[Scraped caption text data]
====
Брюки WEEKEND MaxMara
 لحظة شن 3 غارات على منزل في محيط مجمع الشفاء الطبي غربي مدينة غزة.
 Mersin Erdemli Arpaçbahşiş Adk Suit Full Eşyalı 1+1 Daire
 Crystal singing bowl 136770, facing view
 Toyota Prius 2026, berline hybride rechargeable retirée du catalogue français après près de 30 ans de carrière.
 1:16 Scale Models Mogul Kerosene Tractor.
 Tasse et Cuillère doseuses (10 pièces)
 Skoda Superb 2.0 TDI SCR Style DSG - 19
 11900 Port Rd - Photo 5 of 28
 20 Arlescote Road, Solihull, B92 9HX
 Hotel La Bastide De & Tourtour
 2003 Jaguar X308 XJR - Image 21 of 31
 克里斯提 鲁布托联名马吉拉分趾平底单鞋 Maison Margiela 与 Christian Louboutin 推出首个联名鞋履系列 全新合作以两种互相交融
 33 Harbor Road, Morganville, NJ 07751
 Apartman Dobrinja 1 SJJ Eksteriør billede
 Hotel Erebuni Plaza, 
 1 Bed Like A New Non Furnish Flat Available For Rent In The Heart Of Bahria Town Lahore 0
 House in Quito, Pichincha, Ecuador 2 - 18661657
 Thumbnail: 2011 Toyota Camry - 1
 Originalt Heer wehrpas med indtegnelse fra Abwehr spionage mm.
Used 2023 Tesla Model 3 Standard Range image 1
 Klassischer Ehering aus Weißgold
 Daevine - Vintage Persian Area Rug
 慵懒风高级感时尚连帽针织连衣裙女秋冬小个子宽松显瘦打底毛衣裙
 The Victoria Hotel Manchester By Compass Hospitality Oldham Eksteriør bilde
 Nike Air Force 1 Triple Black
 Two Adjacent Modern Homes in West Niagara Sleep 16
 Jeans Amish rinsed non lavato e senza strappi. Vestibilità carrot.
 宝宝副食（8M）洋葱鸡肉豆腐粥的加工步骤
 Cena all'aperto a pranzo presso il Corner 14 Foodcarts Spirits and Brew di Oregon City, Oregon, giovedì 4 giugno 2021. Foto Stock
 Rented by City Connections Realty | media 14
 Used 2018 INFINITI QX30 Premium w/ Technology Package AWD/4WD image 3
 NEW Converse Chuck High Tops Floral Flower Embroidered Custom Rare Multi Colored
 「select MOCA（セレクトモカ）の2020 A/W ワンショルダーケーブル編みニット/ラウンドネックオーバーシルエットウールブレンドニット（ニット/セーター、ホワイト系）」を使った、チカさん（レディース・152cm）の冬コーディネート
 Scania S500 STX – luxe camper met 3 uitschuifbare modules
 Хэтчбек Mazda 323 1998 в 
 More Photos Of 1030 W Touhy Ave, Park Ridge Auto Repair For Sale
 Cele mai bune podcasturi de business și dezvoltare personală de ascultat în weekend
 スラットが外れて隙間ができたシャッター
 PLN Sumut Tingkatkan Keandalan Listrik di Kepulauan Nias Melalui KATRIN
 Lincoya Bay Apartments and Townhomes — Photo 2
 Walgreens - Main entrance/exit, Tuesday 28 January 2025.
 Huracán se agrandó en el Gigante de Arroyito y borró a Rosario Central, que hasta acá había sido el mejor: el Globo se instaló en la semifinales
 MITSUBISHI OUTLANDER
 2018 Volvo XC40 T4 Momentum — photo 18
====
▶ PROBLEM TO WORK ON: Please write out, exactly as they appear above, only the lines in the stretch from the line with "2003 Jaguar X308 XJR - Image 21 of 31" through the line with "宝宝副食（8M）洋葱鸡肉豆腐粥的加工步骤".

▶ WRITTEN ANSWER:
 2003 Jaguar X308 XJR - Image 21 of 31
 克里斯提 鲁布托联名马吉拉分趾平底单鞋 Maison Margiela 与 Christian Louboutin 推出首个联名鞋履系列 全新合作以两种互相交融
 33 Harbor Road, Morganville, NJ 07751
 Apartman Dobrinja 1 SJJ Eksteriør billede
 Hotel Erebuni Plaza, 
 1 Bed Like A New Non Furnish Flat Available For Rent In The Heart Of Bahria Town Lahore 0
 House in Quito, Pichincha, Ecuador 2 - 18661657
 Thumbnail: 2011 Toyota Camry - 1
 Originalt Heer wehrpas med indtegnelse fra Abwehr spionage mm.
Used 2023 Tesla Model 3 Standard Range image 1
 Klassischer Ehering aus Weißgold
 Daevine - Vintage Persian Area Rug
 慵懒风高级感时尚连帽针织连衣裙女秋冬小个子宽松显瘦打底毛衣裙
 The Victoria Hotel Manchester By Compass Hospitality Oldham Eksteriør bilde
 Nike Air Force 1 Triple Black
 Two Adjacent Modern Homes in West Niagara Sleep 16
 Jeans Amish rinsed non lavato e senza strappi. Vestibilità carrot.
 宝宝副食（8M）洋葱鸡肉豆腐粥的加工步骤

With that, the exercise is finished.